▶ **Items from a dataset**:
════════════════

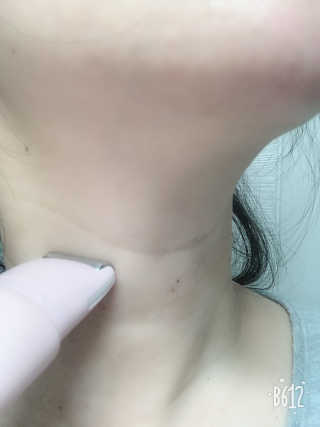 서연이맘님이 올린 리뷰 사진 4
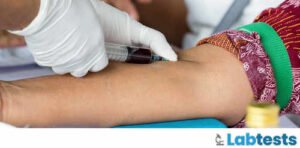 What Complications Can You Face During Blood Collection & How to perform Venipuncture ?
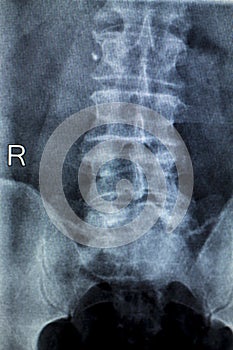 Spine hips Xray test scan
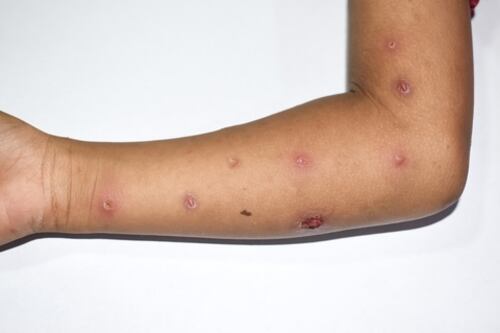 Argentina confirmó su tercer caso de la Viruela del Mono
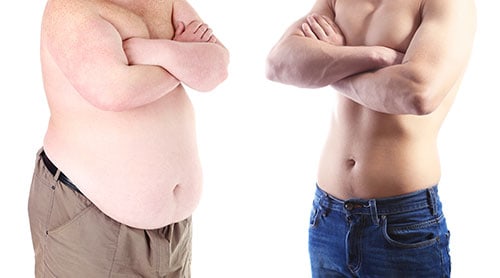 The Abdominal Panniculectomy vs Tummy Tuck in the Extreme Weight Loss  Patient - Explore Plastic Surgery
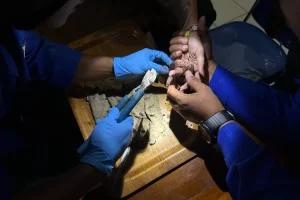 Unik, Mata Gerinda Tersangkut di Jari Manis Seorang Gadis, Petugas Damkar Turun Tangan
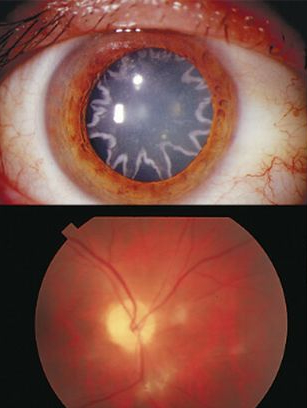 電気工事士 14 000ボルトの高圧感電事故で瞳の中に 星 加州 14年1月28日 エキサイトニュース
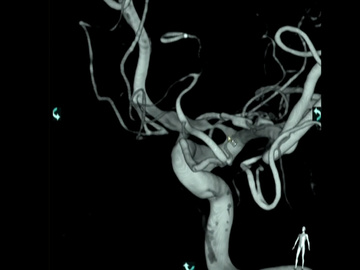 Ruptured anterior cerebral dissection aneurysm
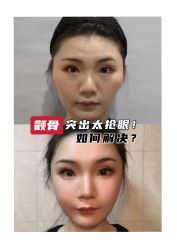 -上海时光整形外科医院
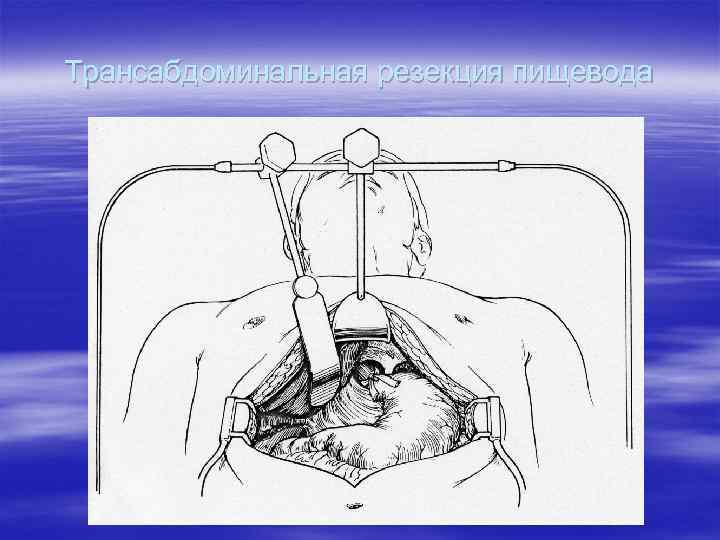 Трансабдоминальная резекция пищевода 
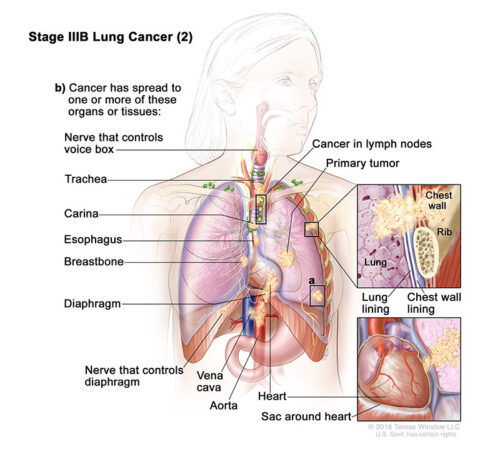 lung cancer stage3b part2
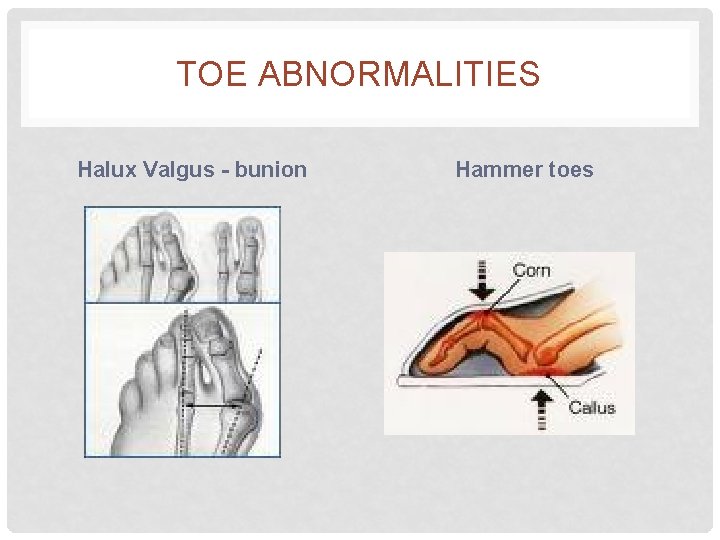 TOE ABNORMALITIES Halux Valgus - bunion Hammer toes 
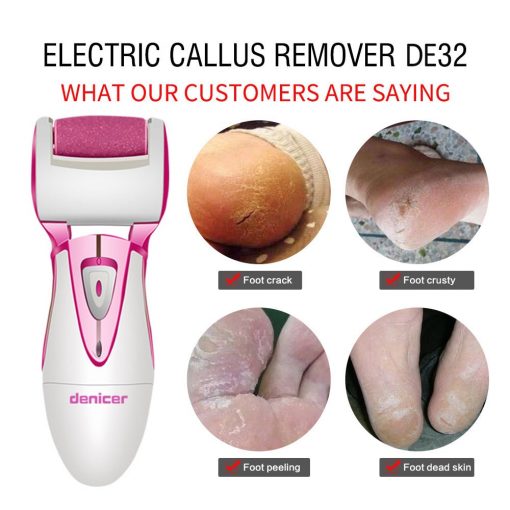 Powerful Electric Foot Callus Remover - Image 2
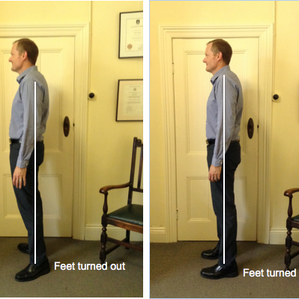 Do your feet turn out? - Its time for some "direction correction".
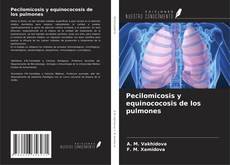 Bookcover of Pecilomicosis y equinococosis de los pulmones
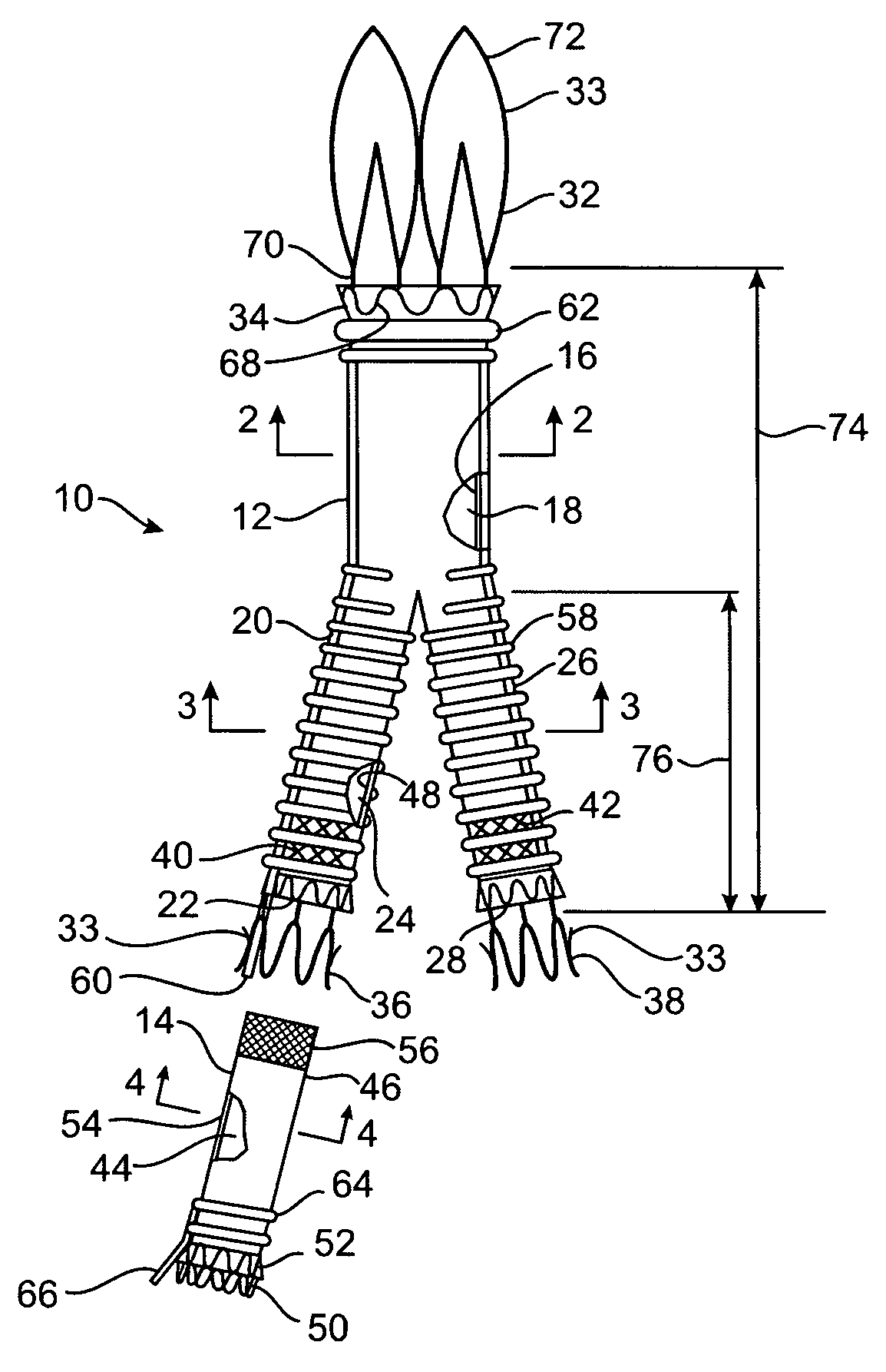 Hybrid modular endovascular graft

════════════════

▶ **About this exercise**: Wherever an image appears, omit it; copy the rest of the records exactly.

▶ **Solution for this problem**:
 서연이맘님이 올린 리뷰 사진 4
 What Complications Can You Face During Blood Collection & How to perform Venipuncture ?
 Spine hips Xray test scan
 Argentina confirmó su tercer caso de la Viruela del Mono
 The Abdominal Panniculectomy vs Tummy Tuck in the Extreme Weight Loss  Patient - Explore Plastic Surgery
 Unik, Mata Gerinda Tersangkut di Jari Manis Seorang Gadis, Petugas Damkar Turun Tangan
 電気工事士 14 000ボルトの高圧感電事故で瞳の中に 星 加州 14年1月28日 エキサイトニュース
 Ruptured anterior cerebral dissection aneurysm
 -上海时光整形外科医院
 Трансабдоминальная резекция пищевода 
 lung cancer stage3b part2
 TOE ABNORMALITIES Halux Valgus - bunion Hammer toes 
 Powerful Electric Foot Callus Remover - Image 2
 Do your feet turn out? - Its time for some "direction correction".
 Bookcover of Pecilomicosis y equinococosis de los pulmones
 Hybrid modular endovascular graft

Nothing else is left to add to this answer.